The Road from the Head to the Heart

In her fairly short summary of New Thought, Wilcox divides the topic into categorical topics such as “Obstacles”, “Thought Force”, “Opulence”, “Optimism” and the like.  One chapter that caught my eye was the one on “Wisdom”.

In it, Ella expresses the same feeling that I have about the conscious use of New Thought principles.  That is, one who first comes to an understanding of the power of their thoughts generally uses them to manifest more worldly stuff—money, wealth, power and so on.  Here is how she puts it:

“A GREAT many people are attracted to the New Thought of the day, by its declaration of our right to material wealth, and by its claim that the mind of man can create, command, and control conditions which produce wealth. There is no question concerning the truth of this claim. But woe unto him who cultivates his mental and spiritual powers only for this purpose.”

At a certain point, if one truly embraces the New Thought philosophy, one realizes that when they create wealth for themselves especially at the expense of others, then they are actually causing harm within the realm of the interconnected Oneness.  Simply put, if my creative actions cause harm to another person, then I am ultimately hurting myself because we are connected.  As Ella put it:

“Not until you obtain the faculty of being happy through your spiritual and mental faculties, independent of material conditions, not until you learn to value wealth only as a means of helpfulness, can you safely turn your powers of concentration upon the idea of opulence. To demand, assert, and command wealth for its mere sensual benefits, to focus your mind upon it because you desire to shine, lead, and triumph, is to play spiritual football with spiritual dynamite. You may obtain what you seek, you may accumulate riches, but at the cost of all that is worth living for.”

Ultimately Wilcox points out what we have heard all of our lives, “money cannot buy happiness”. Although we might follow that up with a joke or two about “what money can buy” in the material world, in our hearts we know that continuing to focus on creating our greater and greater wealth while the rest of the world suffers is neither sustainable nor heart centered.

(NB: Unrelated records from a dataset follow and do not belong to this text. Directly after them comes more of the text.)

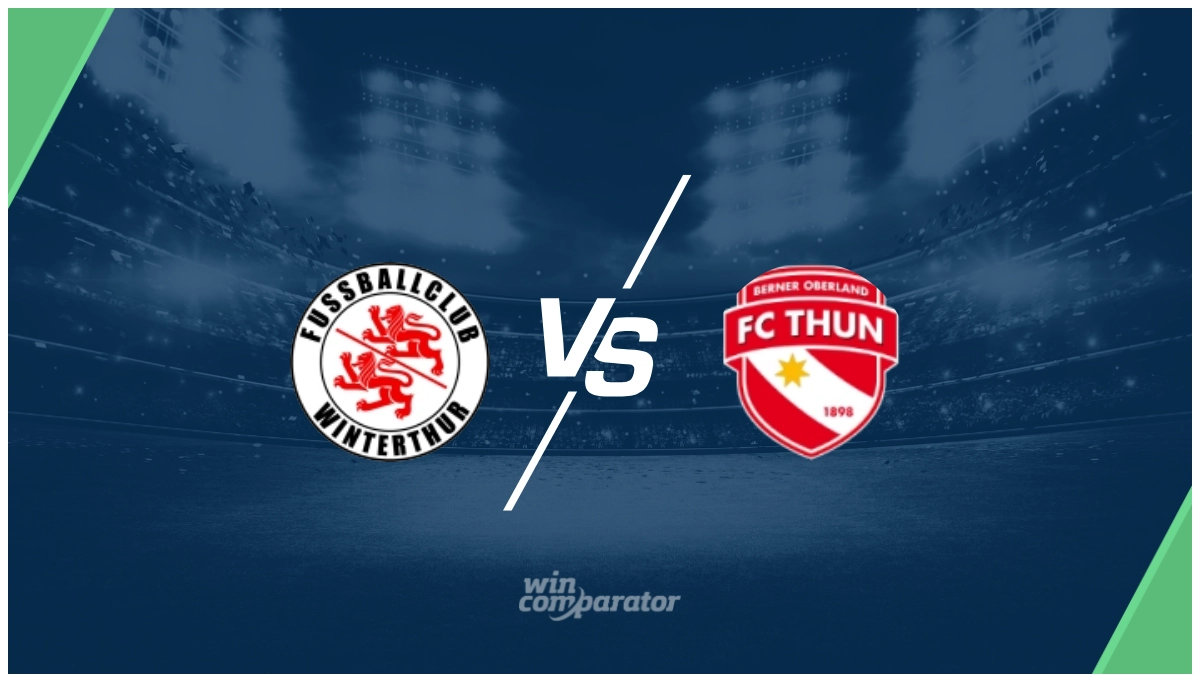 FC Winterthur FC Thun Tipp
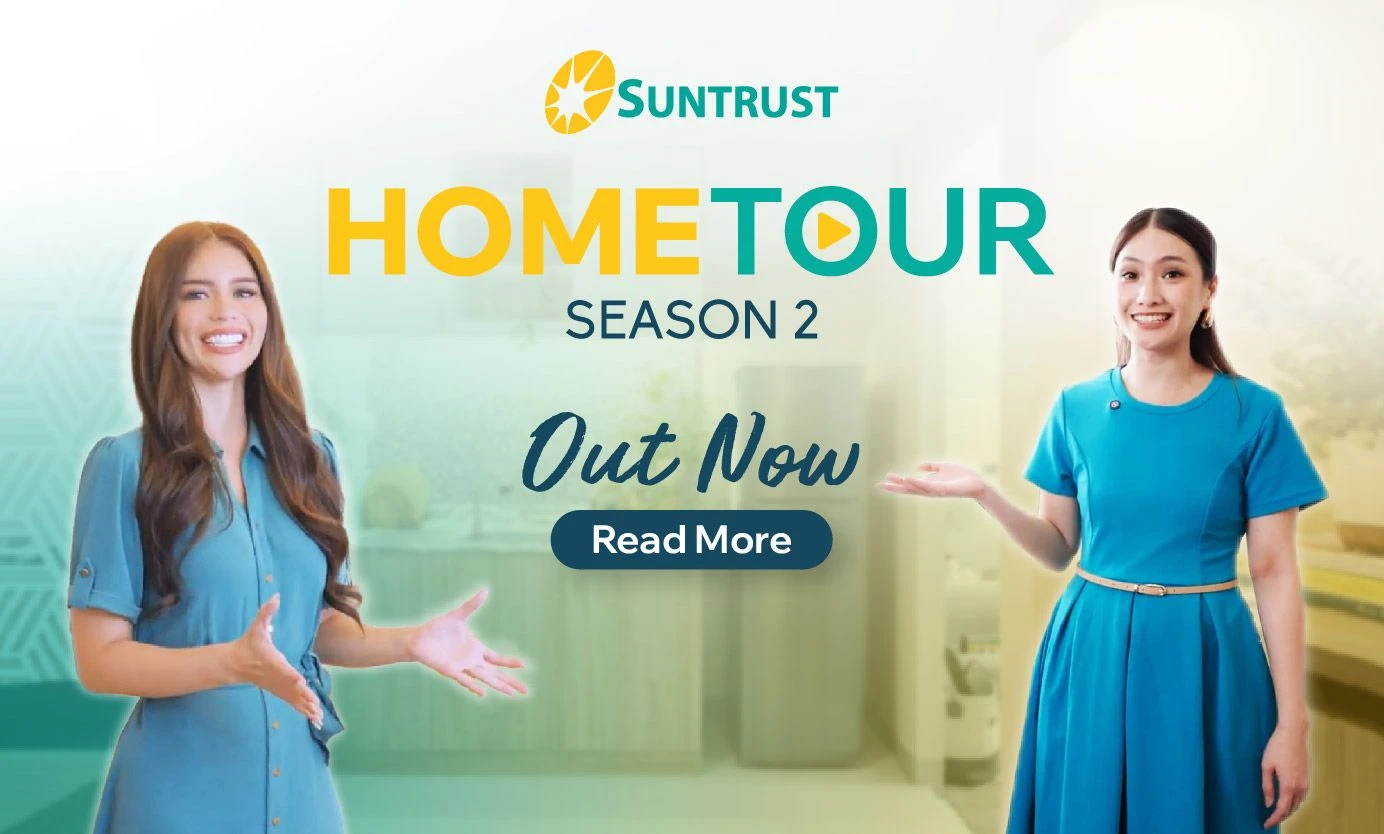 Suntrust Home Tour Season 2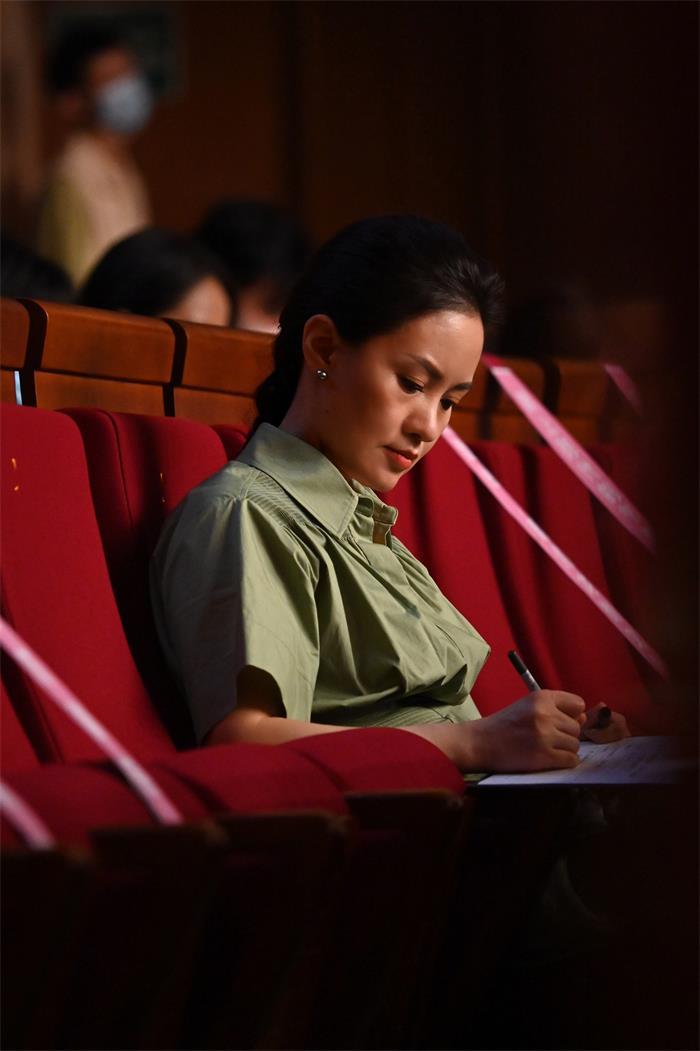 2021年深圳声乐季中国声乐高峰论坛完美落幕雷佳分享心得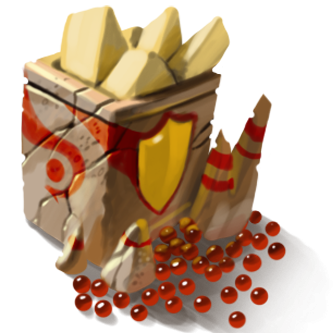 Derr Tribal Kit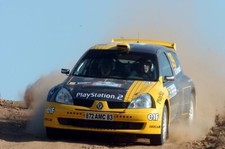 Nicolas Bernardi (FRA) Renault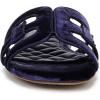 image:imageSam Edelman womens BayDark Winter Violet Velvet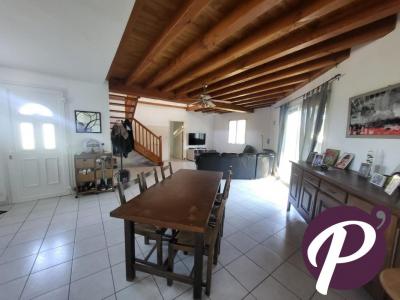 For sale Eymet 6 rooms 130 m2 Dordogne (24500) photo 2
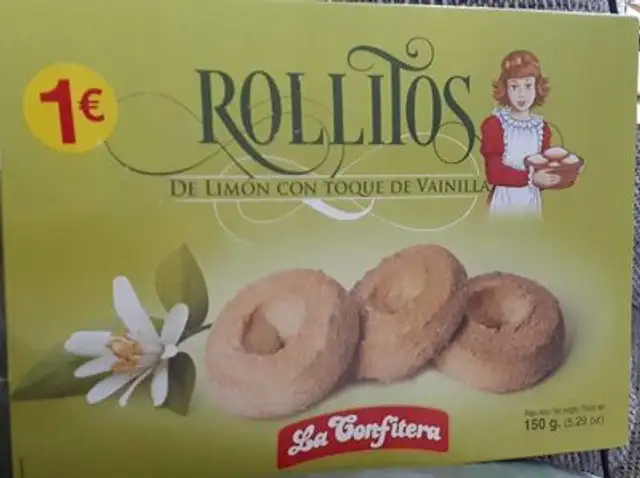 Rollitos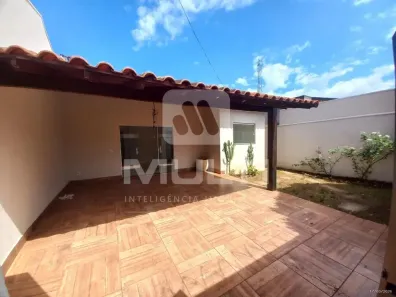 Casa com 3 Quartos à venda, 130m² no Granada, Uberlândia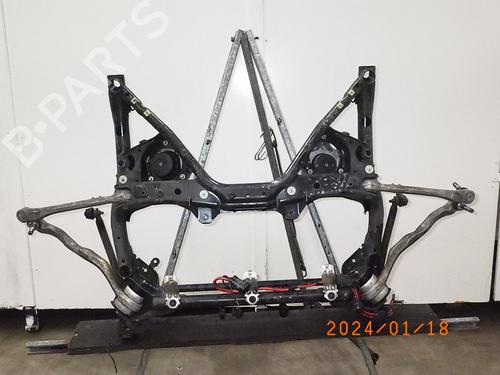 BP16547208M9 | Subframe voor BMW 1 (F20) 118 i BP16547208M9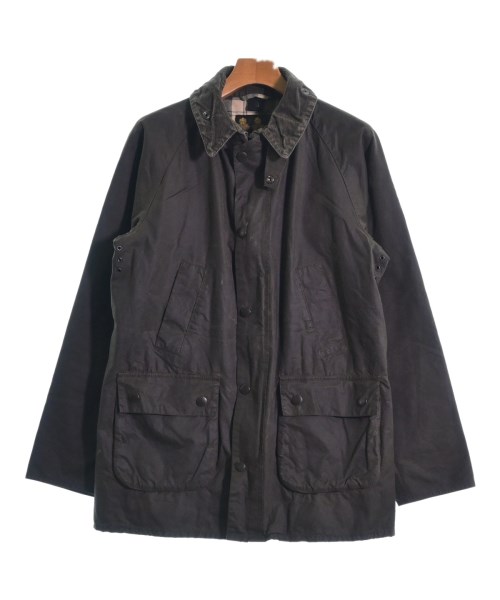 Barbour バブアー コート（その他） 42(XS位) カーキなし光沢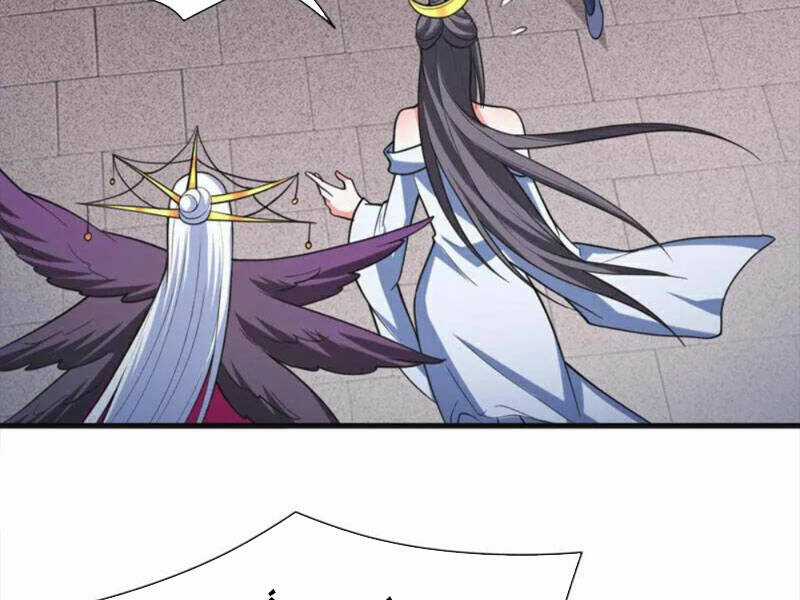 Bị Dạy Dỗ Thành Thánh Chapter 232 trang 23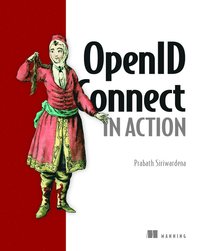 bokomslag OpenID Connect in Action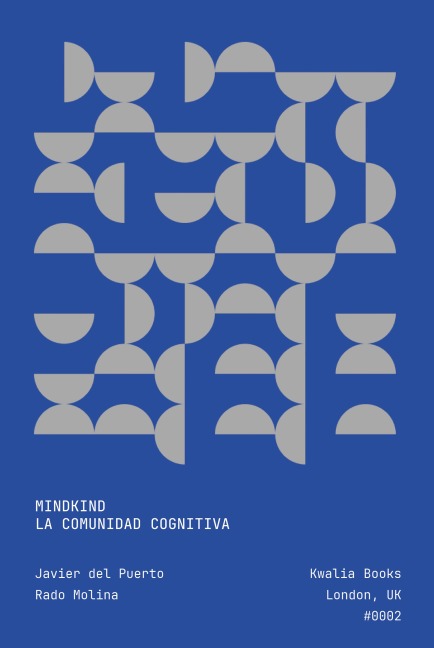 Mindkind - Javier del Puerto, Radamés Molina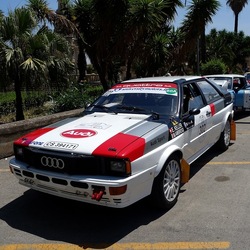 RALLY. Fotografie di Giulio Azzarello &copy;2024.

To this point, Ella offers this advice:

“The man who wishes to control circumstances must love better things than money before he can succeed. He must love, and respect, and believe in his Creator, and trust the Divine Man within himself, and he must illustrate this love and trust by his daily conduct, and in his home circle, and in his business relations.”

When I read that, I hear that we must love and trust the power that created this world and ourselves and that we must focus our use of our thoughts and energy towards the betterment of all in our daily actions.  What do you hear?


One doesn’t have to believe in the power of our thoughts and other New Thought tenets to desire to live in a “better world”.  One only needs to recognize, no matter what their essential beliefs are, that they have some “sphere of influence” through which their words and actions can work to move us towards a more just and equitable world.

Yet, if one does adopt of viewpoint that their thoughts are creative and that they have the power to choose their thoughts (in addition to their words and actions), then it calls deeply to them to change the focus of their consciousness.

Yes, we all want personal security and comfort.  We all want certain material worldly things such as money and wealth and enjoyable experiences. We all want to experience the magnificent abundance of what is available here in this third dimensional material experience.  But as we grow and evolve in our beliefs and outlook on life, we are called to transcend simply looking at life through the lens of “what’s in it for me?”  We are called to open our hearts and practice the heart of New Thought.

Beyond our having a personally enjoyable life, we want to be a force for creating a world around us that is also enjoyable for others.  After all, if we are connected….and we are…..then what other world could we want to live in but one where we all have the opportunity to experience these divine gifts we have been granted.